Skin like winter, petit livre de peu, tenu par deux minables agrafes, a la légèreté d’une plume, le poids d’un corps qui chute et rencontre une extase au moment de son anéantissement.
Il y a dans la volonté obstinée du photographe de fabriquer images et livres à un rythme défiant les assis une esthétique antibourgeoise de la pauvreté sublime, du geste de panache dans la captation de ce qui se dérobe, de la poussière d’êtres saturant le cadre comme autant de merveilles d’existences réduites à de simples pluies d’électrons.

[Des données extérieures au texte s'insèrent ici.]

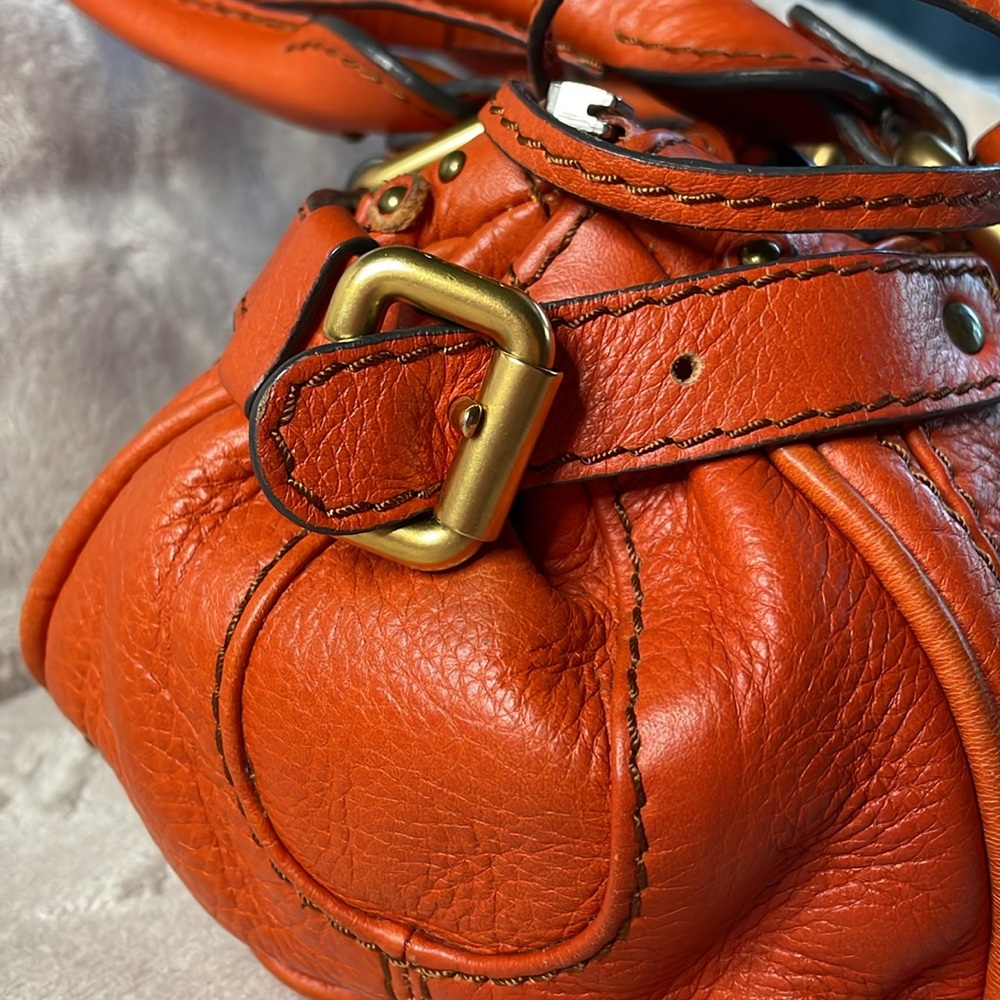 Chloe Orange Leather Satchel - Picture 3 of 12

Il fait froid, il faut boire, et faire danser l’appareil de vision au rythme de l’ivresse.
Christopher de Béthune cadre ferme le crépuscule des dieux, à moins qu’il ne s’agisse de ces matins glorieux où la joie vous étreint et vous offre des ailes.
Photographier à hauteur de volatile, telle est la belle ambition d’un artiste évoluant entre pesanteur et grâce.

Les images pourraient s’évanouir, ou même n’être pas, ce sont des rescapées.
Entre l’infiniment petit et le vaste monde, la ville et la montagne, le chat et l’oiseau, l’ombre et la lumière, le barbelé et la douceur des seins d’une aimée, il n’y a pas opposition, mais mutabilité, porosité, passage.

Un dos est déjà un visage, une surface de projection.
Faire le point ? N’est-ce pas un peu vulgaire quand tout est si précaire ?
On se traîne sur le macadam, on s’arrache les peaux, on est cheval ou réverbère, ou pur départ quand tout cherche à se figer.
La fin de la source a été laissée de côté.